Herkes başına üşüştü, çok değerli Ahmetleri zarar görmüştü. Zerre umursamadım. Aradan bir iki hafta geçti, Ahmet evden çıkmıyor. Planım kusursuz ilerliyordu. Sonrasında herkese Ahmet kısır olmuş yalanını söyledim.” dedi. Bu ne büyük bir kötülüktü, insanın istediğini almasındaki her yol sahiden bu kadar mübah mıydı? “Yahu amca, tamam bir eşeklik etmişsin.” dedim. Gözlerini bana dikti. “Hiç öyle dikme gözlerini. Bu yaptığın eşeklik değil de ne?” dedim. “Tamam, neyse ne. Gel zaman git zaman adı kısır Ahmet’e çıktı. Artık hiçbir baba kızını Ahmet’e vermezdi. Dürüst olmak gerekirse biraz üzülmüştüm. Annemi, hayran olduğum kızın annesinin yanına gönderdim. Anlaşmışlar, evlendik.” dedi. “Bu kadar mı? Ahmet’e ne oldu? dedim. “Ahmet insan içine çıkamaz oldu, sonralarında içimde bir boşluk oluştu. Benim hanım ikinciye hamileyken babam öldü. Aklıma bir fikir geldi. Kız kardeşim vardı. Sakattı. Artık evin reisi ben olduğuma göre bütün kararları da ben verebilirdim. Annemi ve hanımı Ahmet’in ailesinin evine yolladım. Annesi kabul etmiş. Babası da biz sakat kız alırsak bir tarla isteriz demiş. Tarla da verdim. Evlendiler. Sakat kardeşim ile kısır Ahmet’i everdim. Herkes mutlu gibiydi. Ya da ben öyle olsun istiyordum. Taa ki! “ dedi. “Amca taa ki ne?” dedim. “Ahmet eve bir gün sarhoş gelmiş, kız kardeşime ilişmiş, karısıdır sonuçta. Sonradan öğrendik ki kardeşim hamile kalmış. Kimseye söylemedik. Ahmet de bunca zaman sonra yorulmuştu, bakın ben kısır değilim diye ortalarda dolanamazdı. Takati kalmamıştı. Kız kardeşim erken doğum yaptı. Öldü. Ahmet de dayanamadı, intihar etti. Yeğenimi de çocuk esirgeme kurumuna verdik.” dedi. Bu olaya nasıl tepki verilir bilmiyordum. Amcanın yalan söylediğini bile düşünmüştüm. “Amca sen yazmışsın, oynamışsın, çizmişsin zaten, ben bunun üstüne ne yazayım?” dedim. “Ben bunu kimseye anlatamadım, birine anlatmam gerektiğinin farkına vardım. Sana anlattım. İster yaz, ister çiz, ister küfret.” dedi.

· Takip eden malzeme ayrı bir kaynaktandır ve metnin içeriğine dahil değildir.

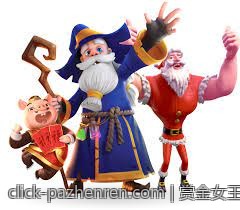 赏金女王爆款游戏高倍率获胜秘诀揭秘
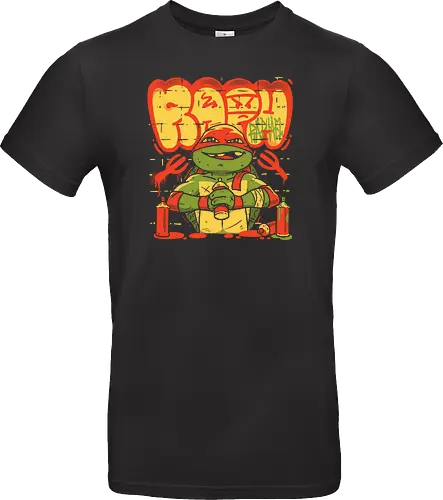 Raph Mayhem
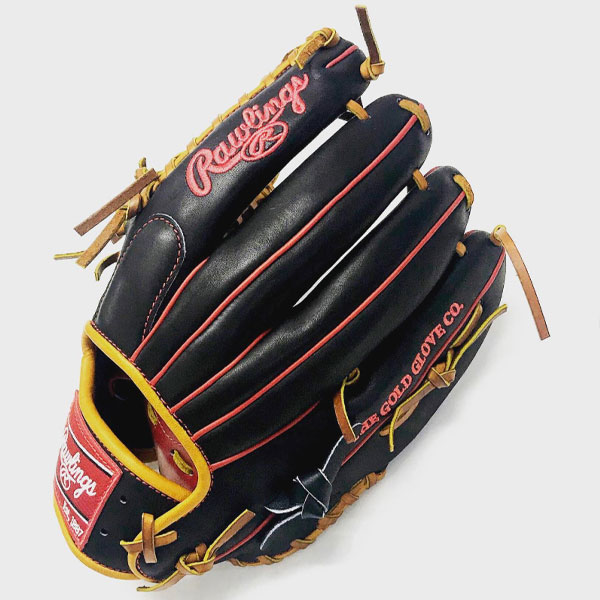 Rawlings ローリングス 野球 ソフト グローブ オーダーグラブ カスタムグローブ 外野手 外野
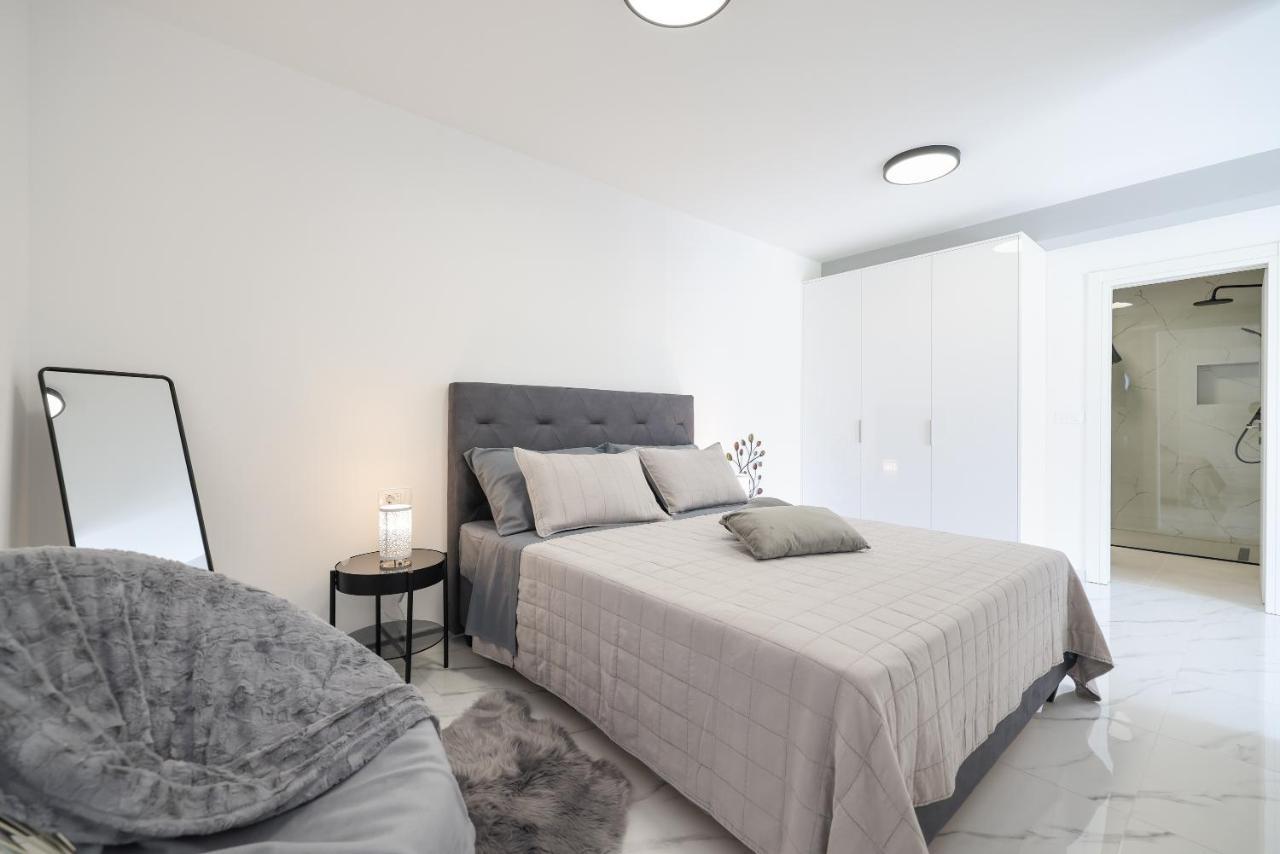 Studio Apartman Natale Задар Экстерьер фото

Amca uzaklaştı, ben ise elimde kalan son sayfaya şu satırları yazmıştım: İnsandır ki kötülüğü kuran, insandır ki kötülüğün içinde yüzen. Ki bilmez kötü olan nedir?

Birden kiraz ağaçları çürümeye başlamıştı. “Çürümüş bir şeyler vardı.” Bu hikaye çürük kokuyordu, yazmamaya karar verdim.